C'est que les arguments anti-cuba sont hérités des vieux discours de propagande qui n’avaient pas d’autre but que de diaboliser le régime cubain, de l’isoler, de l’affaiblir, pour finalement l’anéantir. On soulignait à juste titre le manque de démocratie, les procès staliniens et la presse muselée. On passait généralement sous silence le travail de sape des États-Unis qui sabotait activement tout effort de développement économique de l’île. Rappelons que selon le rapport sur le développement des droits humains de 2014 de l’ONU, Cuba fait partie de peloton de tête des pays avec un indice de développement humain « très élevé », tant en termes d’éducation que de santé. Il tient la quarante-et-unième position (la France est vingtième), bien avant le Brésil ou la Chine par exemple. L’espérance de vie à la naissance (77,3) y est plus élevée qu’aux États-Unis (76,5).

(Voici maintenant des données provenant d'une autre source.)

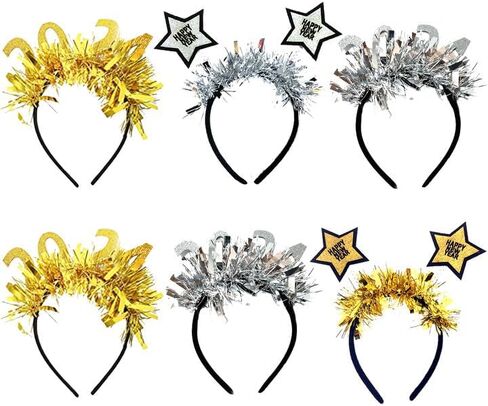 كيو اي سي اي 6 قطع من شريط رأس السنة الجديدة السعيدة، شريط رأس لامع مزين بالترتر على شكل نجمة وليلة رأس السنة الجديدة، رأس ذهبية وفضية لتزيين حفلات عيد الميلاد والكرنفال in Kuwait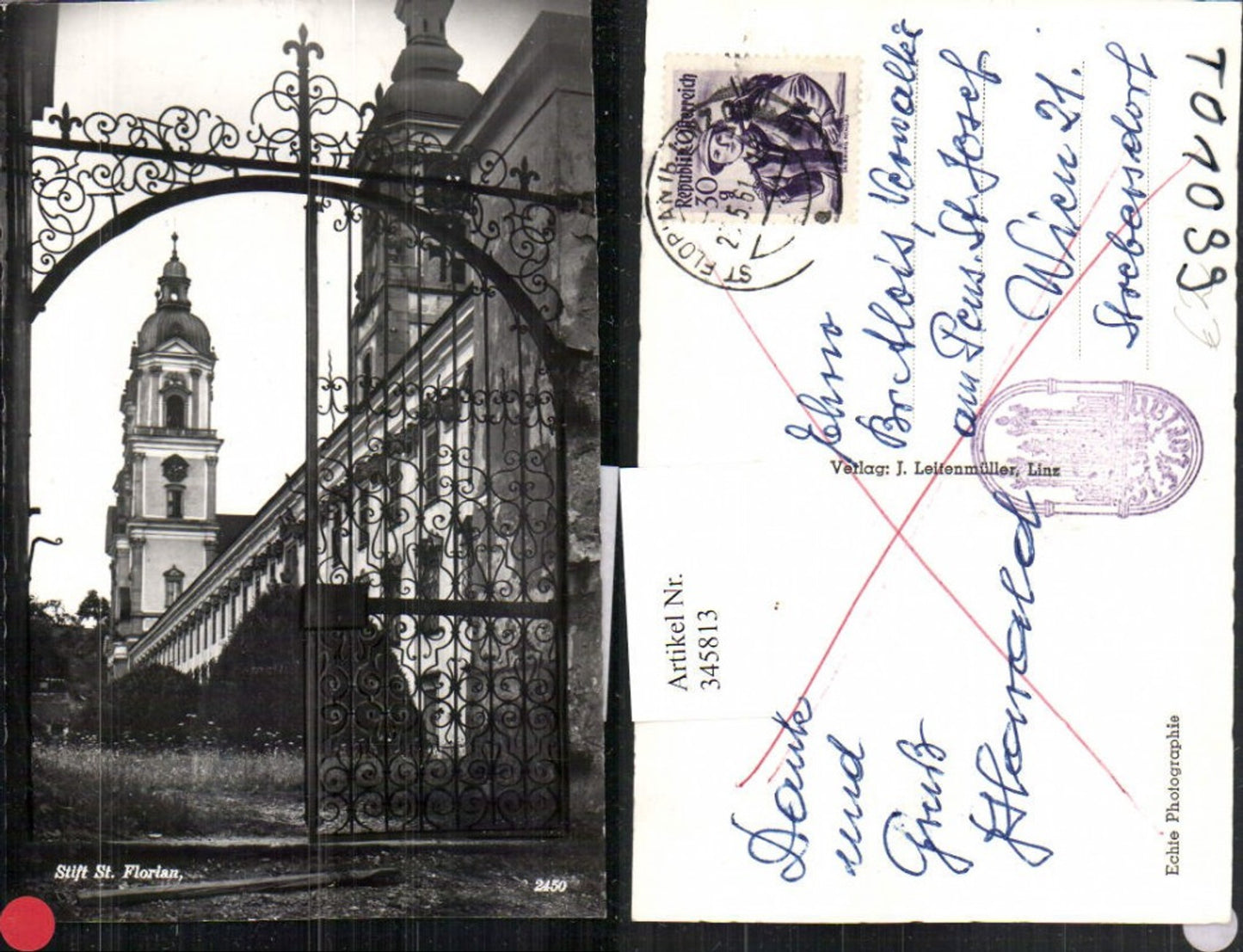 345813,Stift St. Florian Gittertor Tor Kirchenturm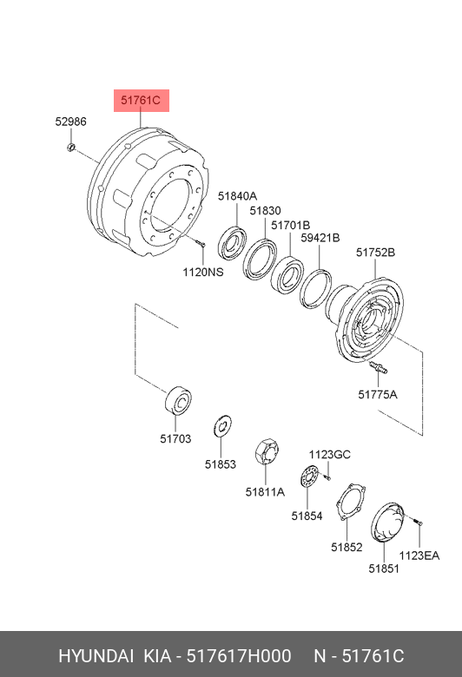 фото Hyundai/Kia 51761-7H000 Барабан тормозной Hyundai/Kia 51761-7H000 Барабан тормозной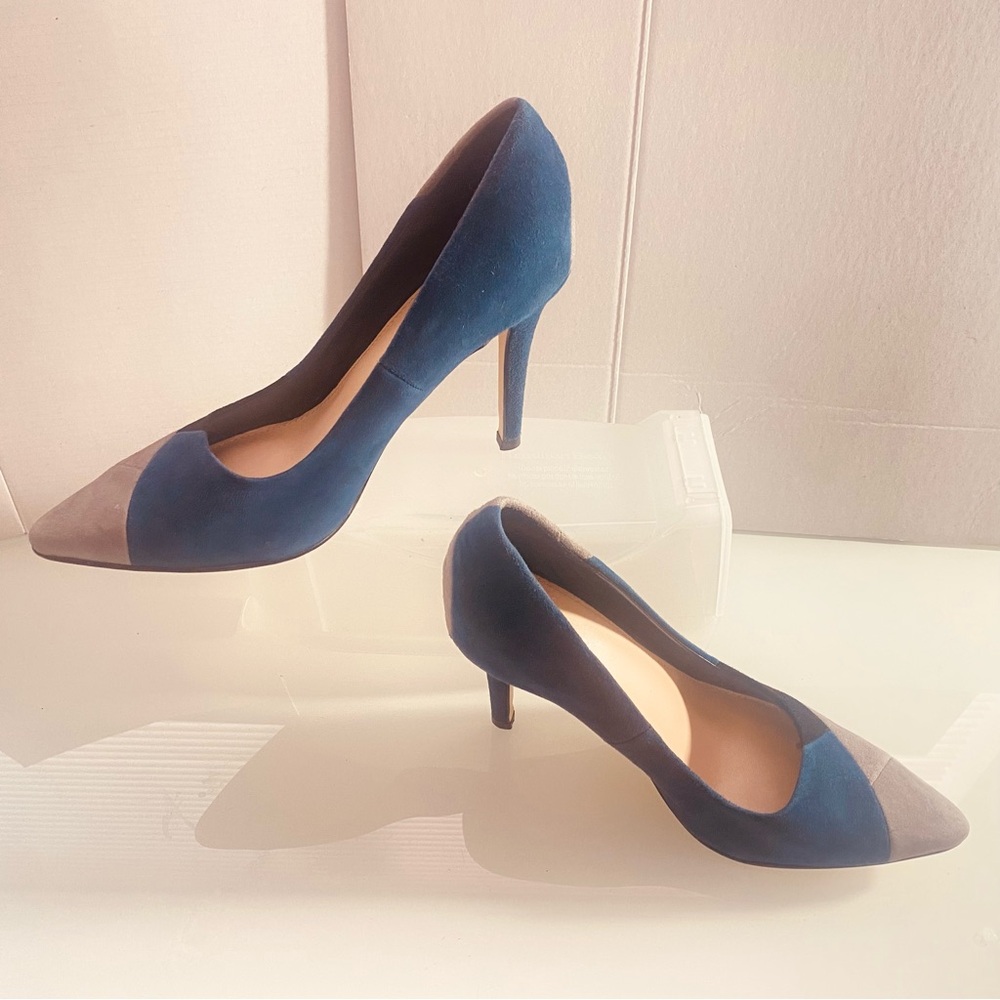 MICHAEL Blue/Gray /Black Suede Stiletto Size 81/2 Pointed Toe Dress shoes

Aussi, on croit sans peine les analystes qui avancent que l’embargo des États-Unis (qui dure depuis février 1962 ! Un triste record) et la loi Helms-Burton (votée par le Congrès en 1996, dictant les nouvelles règles de cet embargo) ne sont pas pour rien dans la détresse économique de l’île. Mais aucune cause n’exclut l’autre, et le sociologue américano-cubain Sam Farber rappelle dans ces dernières études que l’embargo a aussi bon dos, et ne saurait masquer les insuffisances politiques et économiques du régime. Mais laissons les experts s’étriper sur les chiffres et les milliards de dollars, car il y a aussi autre chose en jeu.


Dans ce même entretien, Farber explique que Cuba rêverait d’un modèle à la chinoise, avec un contrôle de l’Etat sur une activité capitaliste effrénée. Le monde a changé depuis 1959 et, pour les dignitaires cubains, il y a du fric à se faire. Aujourd’hui plus que jamais. Du côté des États-Unis, les sentiments doivent être mitigés. D’un point de vue politique, la reprise des relations diplomatiques est un échec symbolique : durant toutes ces années, le régime se sera toujours maintenu. D’un point de vue idéologique, maintenant qu’il a accepté la reprise des relations diplomatiques avec son ennemi juré, Cuba assume de plus en plus ouvertement son appétit capitaliste.

Vive le tourisme !

 La question qui se pose maintenant est de savoir si, comme Pékin, La Havane va maintenir son habillage idéologique alors qu’elle se prépare à prendre sa part dans le capitalisme post-crise économique, qui redouble de sauvagerie. Nul doute que, si c’est la pente qui est effectivement suivie, les banques cubaines vont se développer à une vitesse faramineuse. C’est moins sûr en ce qui concerne les indices de développement humain… et au nombre des régimes communistes survivants, celui de Pyongyang sera le dernier à ne pas participer au grand jeu de la finance globalisée.